Yes, I also realized that “ideas” being a thing is due to bounded rationality—specifically they are the outputs of AI search. “Proofs” are weirder though, and I haven’t seen them distinguished very often. I wonder if this is a reasonable analogy to make:
I think only particular reward functions, such as in multi-agent/co-operative environments (agents can include humans, like in RLHF) or in actually interactive proving environments?
There is a cliche that there are two types of mathematicians: “theory developers” and “problem solvers”. Similarly, Robin Hanson divides the production of knowledge into “framing” and “filling”.
It seems to me there are actually three sorts of information in the world:
“Ideas”: math/science theories and models, inventions, business ideas, solutions to open-ended problems
“Answers”: math theorems, experimental observations, results of computations
“Proofs”: math proofs, arguments, evidence, digital signatures, certifications, reputations, signalling
From a strictly Bayesian perspective, there seems to be no “fundamental” difference between these forms of information. They’re all just things you condition your prior on. Yet this division seems to be natural in quite a variety of informational tasks. What gives?
adding this from replies for prominence--
Yes, I also realized that “ideas” being a thing is due to bounded rationality—specifically they are the outputs of AI search. “Proofs” are weirder though, and I haven’t seen them distinguished very often.
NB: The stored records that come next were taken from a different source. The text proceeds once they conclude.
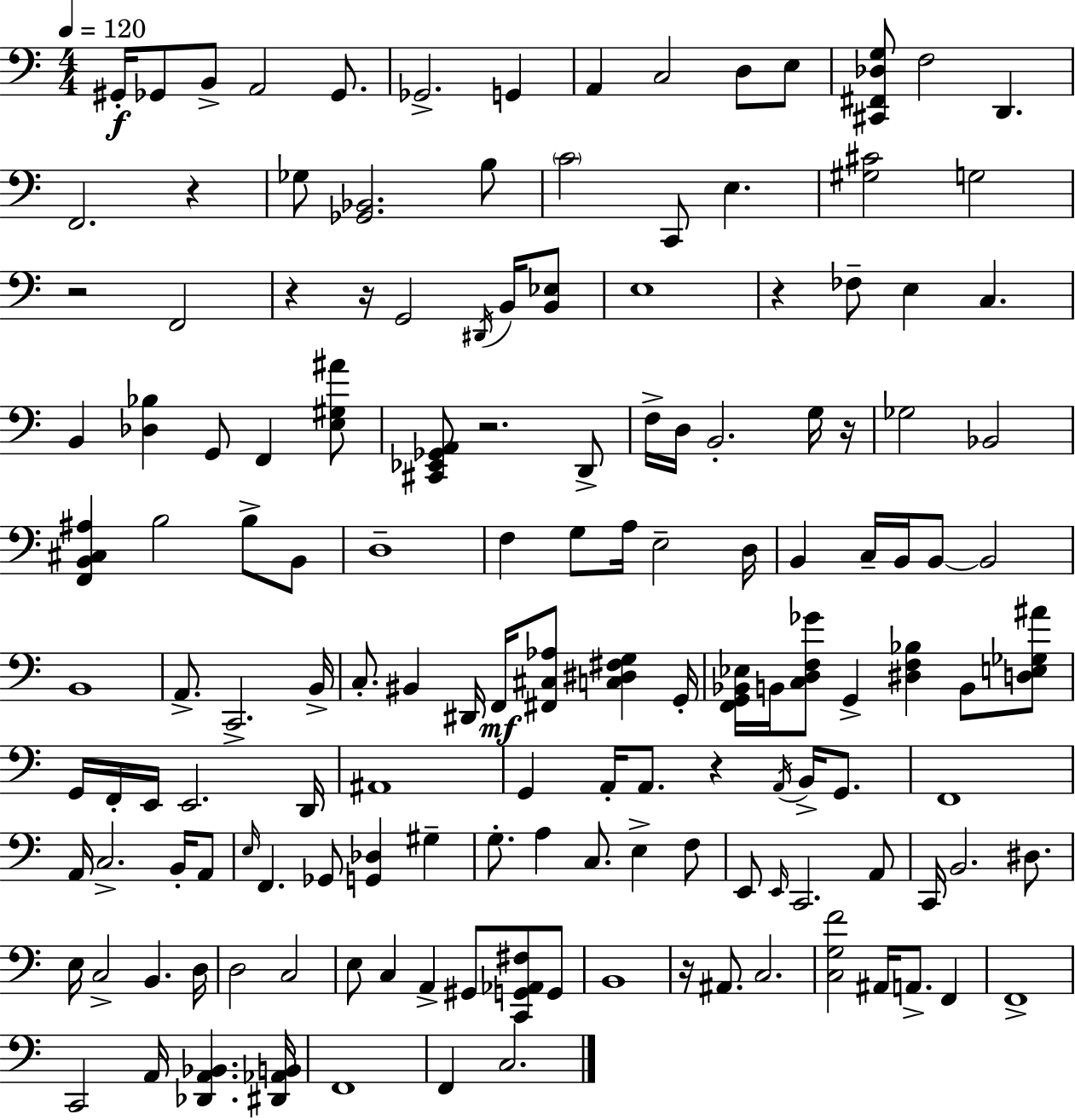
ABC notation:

X:1
T:Untitled
M:4/4
L:1/4
K:C
^G,,/4 _G,,/2 B,,/2 A,,2 _G,,/2 _G,,2 G,, A,, C,2 D,/2 E,/2 [^C,,^F,,_D,G,]/2 F,2 D,, F,,2 z _G,/2 [_G,,_B,,]2 B,/2 C2 C,,/2 E, [^G,^C]2 G,2 z2 F,,2 z z/4 G,,2 ^D,,/4 B,,/4 [B,,_E,]/2 E,4 z _F,/2 E, C, B,, [_D,_B,] G,,/2 F,, [E,^G,^A]/2 [^C,,_E,,_G,,A,,]/2 z2 D,,/2 F,/4 D,/4 B,,2 G,/4 z/4 _G,2 _B,,2 [F,,B,,^C,^A,] B,2 B,/2 B,,/2 D,4 F, G,/2 A,/4 E,2 D,/4 B,, C,/4 B,,/4 B,,/2 B,,2 B,,4 A,,/2 C,,2 B,,/4 C,/2 ^B,, ^D,,/4 F,,/4 [^F,,^C,_A,]/2 [C,^D,^F,G,] G,,/4 [F,,G,,_B,,_E,]/4 B,,/4 [C,D,F,_G]/2 G,, [^D,F,_B,] B,,/2 [D,E,_G,^A]/2 G,,/4 F,,/4 E,,/4 E,,2 D,,/4 ^A,,4 G,, A,,/4 A,,/2 z A,,/4 B,,/4 G,,/2 F,,4 A,,/4 C,2 B,,/4 A,,/2 E,/4 F,, _G,,/2 [G,,_D,] ^G, G,/2 A, C,/2 E, F,/2 E,,/2 E,,/4 C,,2 A,,/2 C,,/4 B,,2 ^D,/2 E,/4 C,2 B,, D,/4 D,2 C,2 E,/2 C, A,, ^G,,/2 [C,,G,,_A,,^F,]/2 G,,/2 B,,4 z/4 ^A,,/2 C,2 [C,G,F]2 ^A,,/4 A,,/2 F,, F,,4 C,,2 A,,/4 [_D,,A,,_B,,] [^D,,_A,,B,,]/4 F,,4 F,, C,2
I wonder if this is a reasonable analogy to make:
Ideas : search
Answers : inference
Proofs: alignment
Humans are computationally bounded, Bayes is not. In an ideal Bayesian perspective:
Your prior must include all possible theories a priori. Before you opened your eyes as a baby, you put some probability of being in a universe with Quantum Field Theory with SU(3)×SU(2)×U(1) gauge symmetry and updated from there.
Your update with unbounded computation. There’s not such thing as proofs, since all poofs are tautological.
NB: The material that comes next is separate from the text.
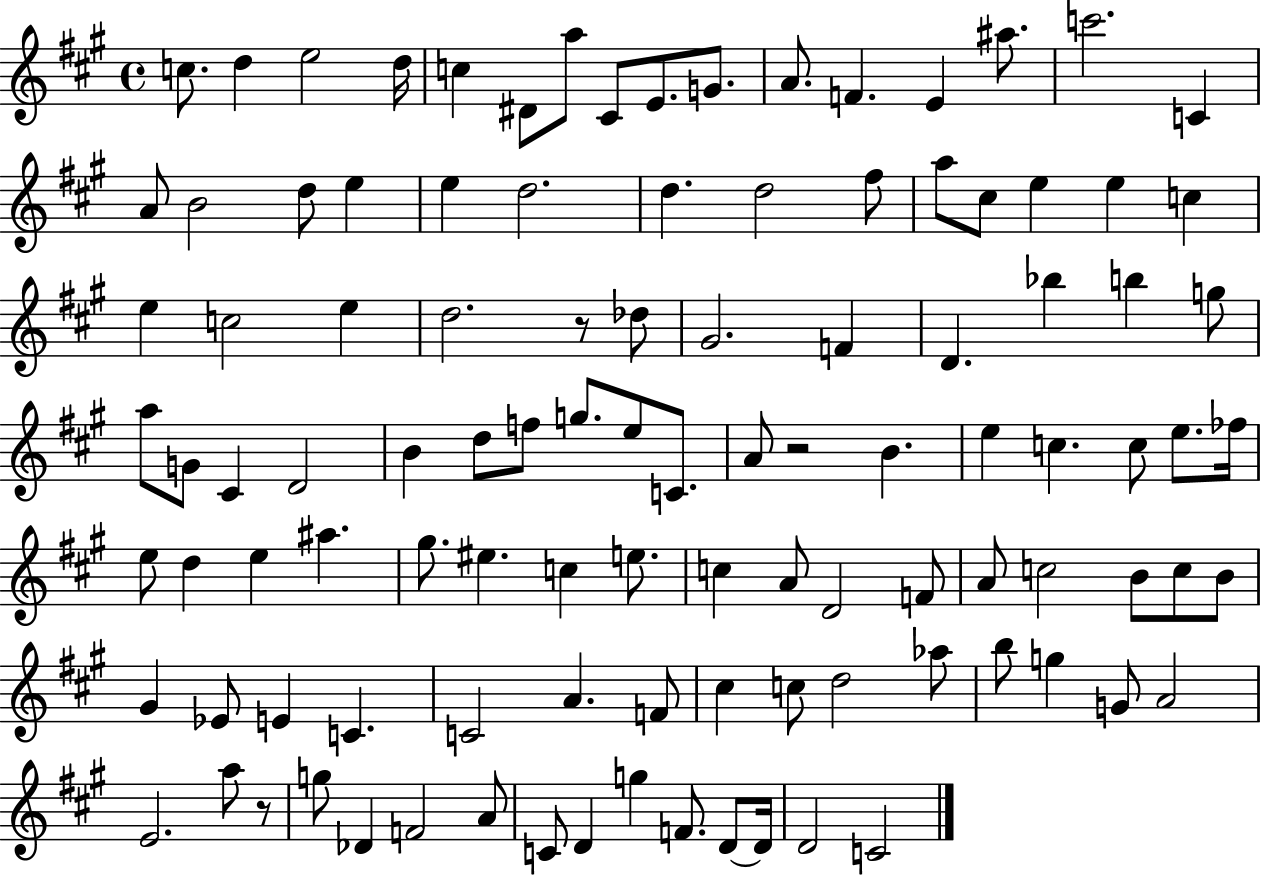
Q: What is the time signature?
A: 4/4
Humans are computationally bounded and can’t think this way.
(riffing)
“Ideas” find paradigms for modeling the universe that may be profitable to track under limited computation. Maybe you could understand fluid behavior better if you kept track of temperature, or understand biology better if you keep track of vital force. With a bayesian-lite perspective, they kinda give you a prior and places to look where your beliefs are “mailable”.
“Proofs” (and evidence) are the justifications for answers. With a bayesian-lite perspective, they kinda give you conditional probabilities.
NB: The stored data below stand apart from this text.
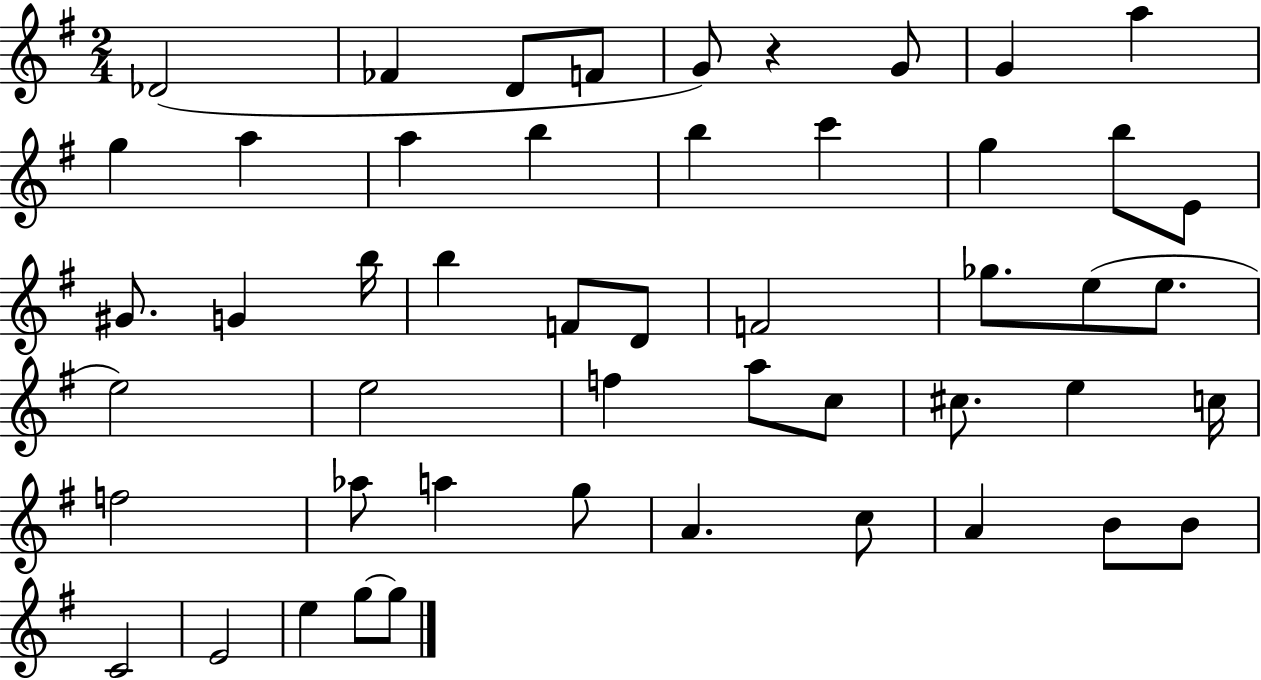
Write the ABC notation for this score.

X:1
T:Untitled
M:2/4
L:1/4
K:G
_D2 _F D/2 F/2 G/2 z G/2 G a g a a b b c' g b/2 E/2 ^G/2 G b/4 b F/2 D/2 F2 _g/2 e/2 e/2 e2 e2 f a/2 c/2 ^c/2 e c/4 f2 _a/2 a g/2 A c/2 A B/2 B/2 C2 E2 e g/2 g/2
“Answers” are useful because they can become precomputed, reified, cached beliefs with high credence inertial you can treat as approximately atomic. In a tabletop physics experiment, you can ignore how your apparatus will gravitationally move the earth (and the details of the composition of the earth). Similarly, you can ignore how the tabletop physics experiment will move you belief about the conservation of energy (and the details of why your credences about the conservation of energy are what they are).
Yes, I also realized that “ideas” being a thing is due to bounded rationality—specifically they are the outputs of AI search. “Proofs” are weirder though, and I haven’t seen them distinguished very often. I wonder if this is a reasonable analogy to make:
Ideas : search
Answers : inference
Proofs: alignment
Ideas come from unsupervised training, answers from supervised training and proofs from RL on a specified reward function.
I think only particular reward functions, such as in multi-agent/co-operative environments (agents can include humans, like in RLHF) or in actually interactive proving environments?